# Eingangssignal Standard-SPS



## Lara (17 November 2010)

Hallo,

hab hier eine Frage mit der ich nicht so klar kommen.
Eventuell kann mir ja jemand helfen? Bin sicher die Antwort ist total einfach nur steh ich grad völlig auf dem Schlauch und versteh die ganze Frage nicht...

Welches Eingangssignal erkennt ein 24V-Eingang einer Standard-SPS bei folgenden Eingangsspannungen?
1,2V
4,8V
24V
29,8V

Könnte mir eventuell jemand auf die Sprünge helfen?
VG
Kata


----------



## rostiger Nagel (17 November 2010)

je nach Schaltschwelle des Einganges erkennt die Steuerung "0" oder "1",
dazu brauchst du aber die Technischen Daten der Baugruppe.
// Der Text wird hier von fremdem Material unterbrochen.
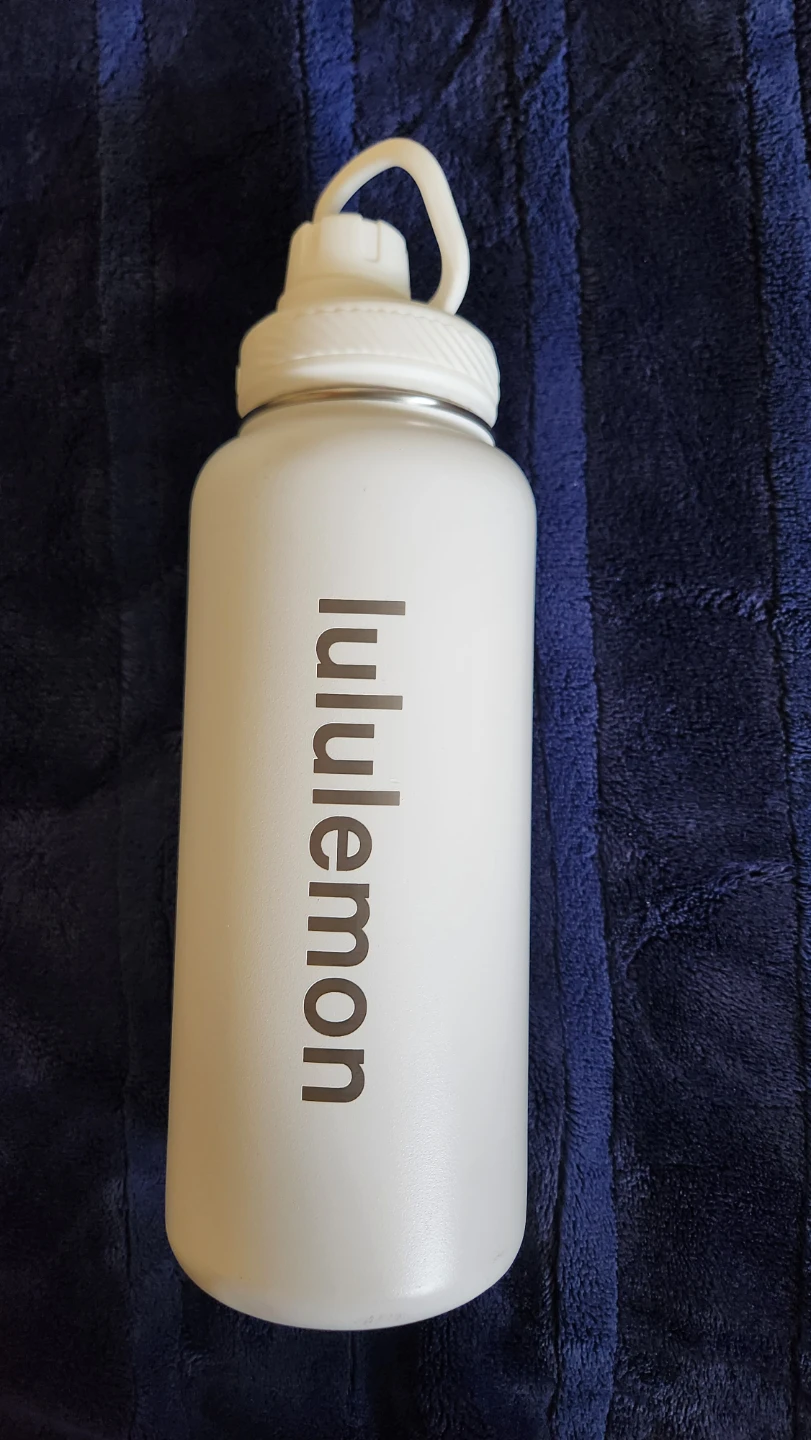 Lululemon White Water Bottle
Z.b. bei einer Standardbaugruppe von Siemens der ET200s Reihe ist es
so das bei 15..30V logisch "1" erkannt wird und bei -30..5V logisch "0".


----------



## S7_Programmer (17 November 2010)

Hallo Lara,

die Werte kommen ganz auf die Baugruppe an. Zum Beispiel
6ES7 321 1BL00 0AA0 siehe beigefügtre PDF


Das Handbuch findest Du hier:
http://www.automation.siemens.com/m...iLanguage=de&query=8859629&cssearchengine=NEW


Gruß
S7_Programmer


----------